葉淮安的聲線很冰冷,像是在冰稜子里凍過,聲聲質問:「我記得孟兄家境富庶,更是自幼求學,也曾拜過幾位名師,活得很是安逸。
「但是孟兄可曾想過,你的這份安逸,是以什麼換來的?
「是那數萬邊境戰士的性命!
「他們在前方浴血廝殺,吃不飽、穿不暖,時時刻刻擔心北疆的偷襲,隨時可能丟了性命。這才給你一方庇佑之所。」
葉淮安一字一句,刃如刀劍:「受了別人恩惠的你,竟反過來嘲笑她粗鄙。
「真是可悲。」
我眼眶一陣濕潤,閉了閉眸。
再睜眼時,葉淮安不知何時已上了馬車,正小心翼翼地盯著我看:「錢錢可莫要多心,那人被我趕走啦!」
他冷哼一聲:「我和那些蠢貨才不一樣。
「能娶到錢錢,是天大的福氣呢。」
氣氛變得有些曖昧。
良久,我別過臉去,輕聲提醒:「葉淮安,莫要忘了我們的約定。」
葉淮安的眉眼瞬間耷拉下來,像一隻大型犬類:「我記得的。」
27
我同葉淮安成婚那日當晚,娘親啟程回北疆。
她本就是為了我的婚事回來的,塵埃落定,她也得回去守衛邊境了。
皇帝和阮映映也微服觀禮來了,葉淮安正在前廳陪他們說話。
我等了會兒,原想同葉淮安當面告別的。
可皇帝遲遲不走。
再晚些,我便追不上娘親了。
我給葉淮安留了封信。
信中與他直言:他當日一見鍾情的人並非我,而是我長姐。此去戰場,兇險難料,便給他留了封簽好字的和離書,他若想和離,直接簽字便生效。

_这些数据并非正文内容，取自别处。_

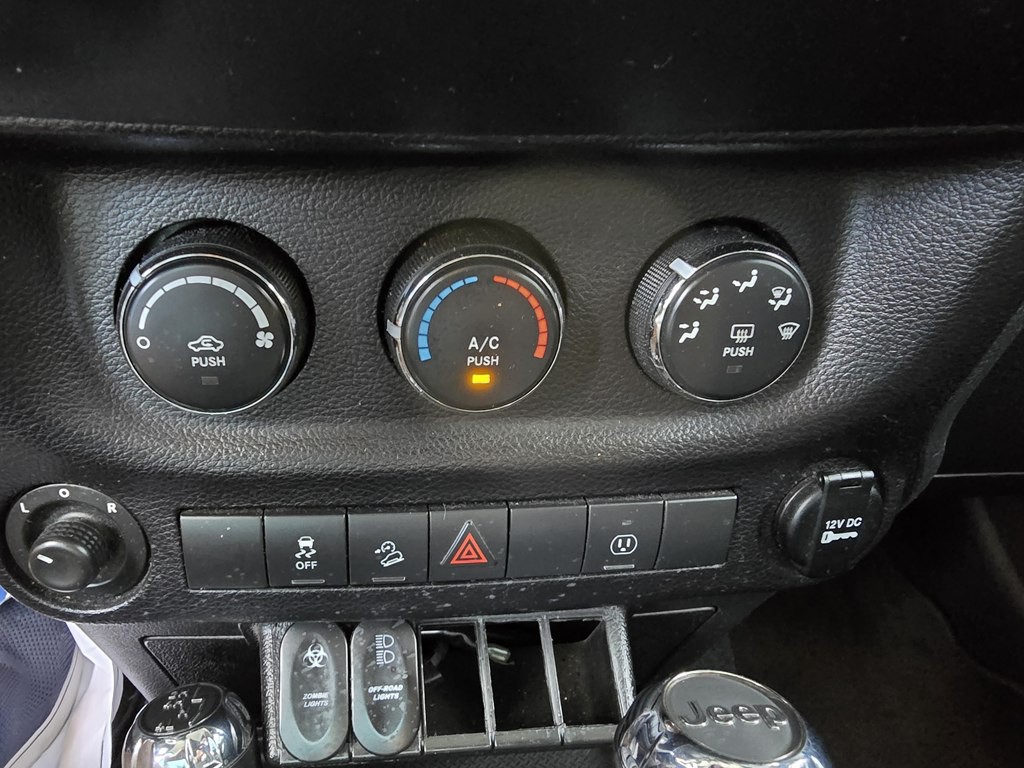 2015 Jeep Wrangler Unlimited Image 36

這我選擇葉淮安的第二個緣由,是他告訴我,他知曉我志在邊關,不願囿於家宅。我若肯嫁他,一來可以讓娘親安心,二來,仍可以奔赴北疆,去收復失地,做我的將軍。他願意替我遮掩。
28
回江州的路上,我們走得很慢。
我見到了邊境的百姓被北疆的官兵掠奪,見到了五歲的孩童食不果腹,見到了成群的流民背井離鄉,見到了燕子築巢於林,見到了骨肉相食。
我想起自己十三歲那年第一次上戰場。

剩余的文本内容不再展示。